Return the data verbatim, without pictures.

### COLLECTED MATERIAL:
* * * * *

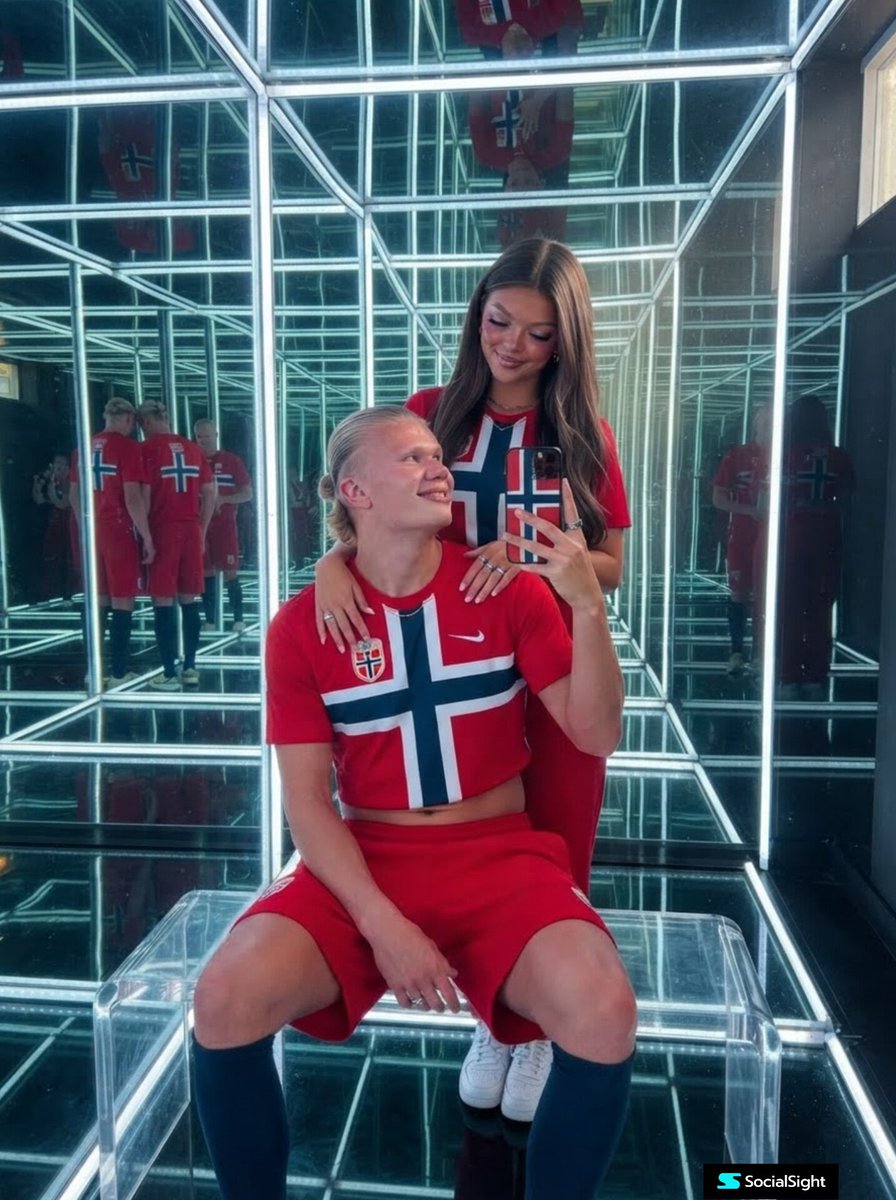Norway-Inspired Sporty Mirror Selfie 2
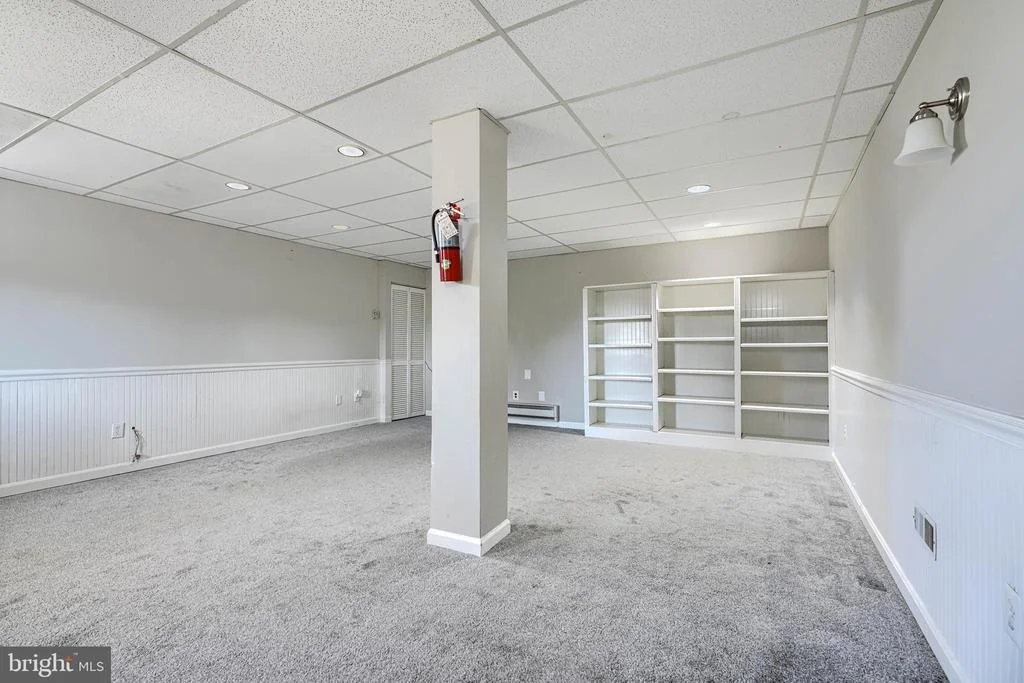 Photo of 10100 LEWIS DRIVE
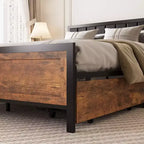 Cadre de lit Dyonery Queen Size, cadre de lit plateforme en métal avec tête de lit en bois à rivets, 15 lattes de soutien robustes en fer, grand espace de rangement sous le lit.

* * * * *

### SOLUTION TO THE PROBLEM:
Norway-Inspired Sporty Mirror Selfie 2
 Photo of 10100 LEWIS DRIVE
 Cadre de lit Dyonery Queen Size, cadre de lit plateforme en métal avec tête de lit en bois à rivets, 15 lattes de soutien robustes en fer, grand espace de rangement sous le lit.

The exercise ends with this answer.